• **INFORMATION PROVIDED**
- - - - -

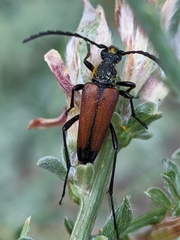 Cribroleptura otini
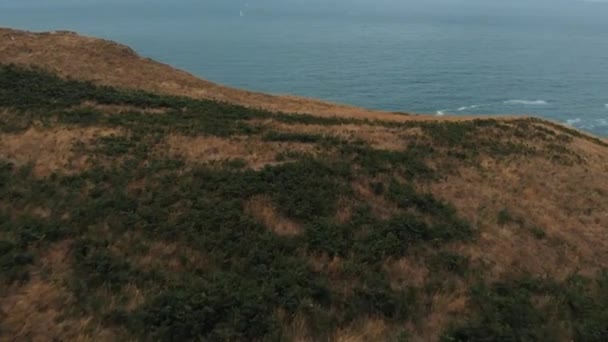女人带着狗在海岸悬崖上散步 — 图库视频影像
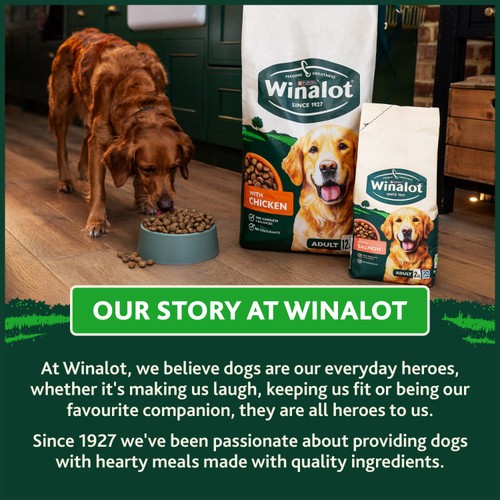 Winalot Adult Salmon Dry Dog Food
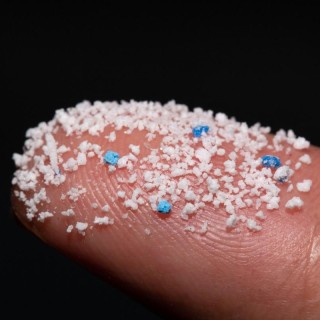 Microplastics In Our Lives and Bodies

- - - - -

• **EXERCISE INSTRUCTIONS**
Without any of the pictures, reproduce the listing above exactly.

• **FINISHED EXERCISE**
 Cribroleptura otini
女人带着狗在海岸悬崖上散步 — 图库视频影像
 Winalot Adult Salmon Dry Dog Food
 Microplastics In Our Lives and Bodies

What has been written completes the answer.